Munido de tais artefatos, pus-me a correr pelo quintal, a ganhar velocidade, feito avião prestes a se arremeter ao ar; então, subi num pequeno muro e dele lancei-me à vastidão do firmamento, à glória. Nem por décimo de segundo, sustentou-se meu voo.
A gravidade - pior, a realidade - derreteu a cera que colava meus sonhos àquela capa e àquele medalhão.
Estabaquei-me. Dei com a cabeça - sempre nas nuvens - num caco de tijolo perdido por entre a grama alta do quintal. Carrego a cicatriiz no supercílio esquerdo até hoje; indelével marca e lembrete cruciforme. Lembrete de minha triste e patética natureza rastejante, de minha cruz a ser carregada.
Não me lembro da dor do ferimento. Do sangue. Do ardor do antisséptico. Do fisgar da agulha a costurar-me quatro pontos. Lembro-me, sim, da dor do espanto : por que eu não voara? Estava com a capa e o medalhão, por que não voara?
Meu malogrado voo talvez tenha sido, embora, obviamente, eu não soubesse nem tivesse como saber disso então, o meu primeiro choque de realidade, meu primeiro contato com minhas limitações. Não as limitações e proibições estabelecidas por meus pais, que destas eu era capaz de, só não era autorizado a. Sim das limitaçãoes físicas. Das limitações - e são as mais doídas até hoje - dos meus sonhos.
Uma vez gente, jamais voaria. Constatação muito pesada para uma criança de três anos. Talvez tal episódio tenha fecundado os embriões teratológicos de minhas insegurança e covardia; contra as quais, sempre nocauteado em pé, luto inutilmente.
Depois, vieram os carros voadores de George Lucas, no primeiro Guerra nas Estrelas, em fins de 1977. Na época, muito se discutia sobre a plausibilidade de toda a tecnologia retratada no filme de Lucas, indubitavelmente, o maior marco dos efeitos especiais de todos os tempos do cinema.
Seriam possíveis sabres de luz? Dirigiríamos, um dia, em breve, de preferência, carros voadores?
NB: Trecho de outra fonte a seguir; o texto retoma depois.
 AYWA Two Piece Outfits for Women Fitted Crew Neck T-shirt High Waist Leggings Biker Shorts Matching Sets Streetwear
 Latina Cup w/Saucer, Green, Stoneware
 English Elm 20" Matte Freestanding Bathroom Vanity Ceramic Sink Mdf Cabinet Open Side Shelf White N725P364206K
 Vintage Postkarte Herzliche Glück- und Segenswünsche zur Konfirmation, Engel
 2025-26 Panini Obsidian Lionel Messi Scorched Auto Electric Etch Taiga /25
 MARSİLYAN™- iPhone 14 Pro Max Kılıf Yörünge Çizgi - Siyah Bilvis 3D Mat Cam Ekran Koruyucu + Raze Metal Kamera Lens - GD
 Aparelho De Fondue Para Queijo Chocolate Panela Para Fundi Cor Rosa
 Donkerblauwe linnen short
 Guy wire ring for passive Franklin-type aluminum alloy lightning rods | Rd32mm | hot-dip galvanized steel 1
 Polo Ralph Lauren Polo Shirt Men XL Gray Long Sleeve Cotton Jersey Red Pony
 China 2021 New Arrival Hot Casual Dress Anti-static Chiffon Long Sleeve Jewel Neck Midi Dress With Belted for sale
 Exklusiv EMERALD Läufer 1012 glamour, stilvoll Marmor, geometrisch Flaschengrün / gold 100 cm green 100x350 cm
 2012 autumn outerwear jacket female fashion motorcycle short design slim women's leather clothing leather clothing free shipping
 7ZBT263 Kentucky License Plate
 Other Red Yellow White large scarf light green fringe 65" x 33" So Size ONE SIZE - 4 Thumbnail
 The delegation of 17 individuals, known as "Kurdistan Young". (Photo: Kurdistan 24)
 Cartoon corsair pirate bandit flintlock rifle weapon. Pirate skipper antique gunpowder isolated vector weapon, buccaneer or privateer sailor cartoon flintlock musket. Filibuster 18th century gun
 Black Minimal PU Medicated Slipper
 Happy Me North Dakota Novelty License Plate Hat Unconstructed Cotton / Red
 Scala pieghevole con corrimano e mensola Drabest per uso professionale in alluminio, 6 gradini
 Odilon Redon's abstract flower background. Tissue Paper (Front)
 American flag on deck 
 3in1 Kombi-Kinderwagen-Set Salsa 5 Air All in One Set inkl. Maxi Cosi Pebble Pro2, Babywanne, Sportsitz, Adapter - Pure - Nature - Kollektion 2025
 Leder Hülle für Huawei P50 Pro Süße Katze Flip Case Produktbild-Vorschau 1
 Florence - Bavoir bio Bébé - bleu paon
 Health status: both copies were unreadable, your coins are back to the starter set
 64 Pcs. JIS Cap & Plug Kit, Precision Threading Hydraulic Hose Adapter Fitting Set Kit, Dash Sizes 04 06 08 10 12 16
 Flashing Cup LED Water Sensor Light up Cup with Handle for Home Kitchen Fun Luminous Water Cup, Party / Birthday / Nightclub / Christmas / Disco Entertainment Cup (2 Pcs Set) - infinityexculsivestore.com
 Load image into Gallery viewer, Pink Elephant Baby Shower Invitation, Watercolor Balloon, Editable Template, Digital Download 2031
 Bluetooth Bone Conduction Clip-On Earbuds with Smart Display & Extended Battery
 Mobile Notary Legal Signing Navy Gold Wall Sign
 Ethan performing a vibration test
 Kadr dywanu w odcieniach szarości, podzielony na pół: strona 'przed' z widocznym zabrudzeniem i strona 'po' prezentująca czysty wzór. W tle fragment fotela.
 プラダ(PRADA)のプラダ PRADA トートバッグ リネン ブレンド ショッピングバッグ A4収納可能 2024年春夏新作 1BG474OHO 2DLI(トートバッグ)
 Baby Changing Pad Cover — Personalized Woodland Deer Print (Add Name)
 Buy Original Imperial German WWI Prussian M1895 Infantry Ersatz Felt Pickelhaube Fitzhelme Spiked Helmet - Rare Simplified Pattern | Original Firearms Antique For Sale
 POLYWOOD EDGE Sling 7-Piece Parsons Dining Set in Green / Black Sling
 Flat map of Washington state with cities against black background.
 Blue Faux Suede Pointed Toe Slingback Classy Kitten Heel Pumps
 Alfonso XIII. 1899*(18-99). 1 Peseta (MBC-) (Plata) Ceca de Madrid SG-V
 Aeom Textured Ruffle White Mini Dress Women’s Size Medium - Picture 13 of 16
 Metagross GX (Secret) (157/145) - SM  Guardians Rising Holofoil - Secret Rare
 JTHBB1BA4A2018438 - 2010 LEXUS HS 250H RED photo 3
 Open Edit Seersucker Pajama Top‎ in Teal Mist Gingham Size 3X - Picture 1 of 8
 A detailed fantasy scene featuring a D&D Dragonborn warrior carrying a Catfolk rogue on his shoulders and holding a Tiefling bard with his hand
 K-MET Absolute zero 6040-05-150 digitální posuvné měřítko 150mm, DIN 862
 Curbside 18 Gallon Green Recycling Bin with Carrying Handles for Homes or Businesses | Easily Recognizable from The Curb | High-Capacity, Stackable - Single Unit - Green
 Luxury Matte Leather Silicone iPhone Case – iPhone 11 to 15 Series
Desatolaríamos, enfim, nossos pés do chão tão ingrato que nos foi a Evolução?
Pouco se me davam, àquela altura, ou àquela pouca altura, àquela rasteirice de minha existência, tais elocubrações.
Mesmo que possíveis, se para amanhã ou se para um futuro próximo, carros voadores não me interessavam. Eram o sonho de outro, de outros. Não o meu.
E eu já contava com 10 anos e meio de idade : desiludido da vida, não acreditava nem mais me fiava nessas besteiras.
Mais tarde um pouco, na puberdade, fase de sonhos coloridos e "molhados", fui um grande pterodáctilo, um grande ser planador das terras do Sonhar, dos territórios do onírico.
Por vezes, sobrevoei os edifícios de minha cidade; por vezes, voei rasante e célere pelas ruas de seu centro velho, sempre vazias pela madrugada; eis outro de meus sonhos : ruas vazias de gente.
Creio, no entanto, que o desgosto de acordar de meus voos, e ver-me chafurdado no lodaçal de minha realidade, era tão grande que, com o tempo, meu cérebro foi bloqueando meus sonhos condoreiros. Nunca mais sonhei-me imune à gravidade.
Sigo, hoje, pois, a invejar a sorte de qualquer pardal ou beija-flor, de qualquer mariposa ou barata cascuda.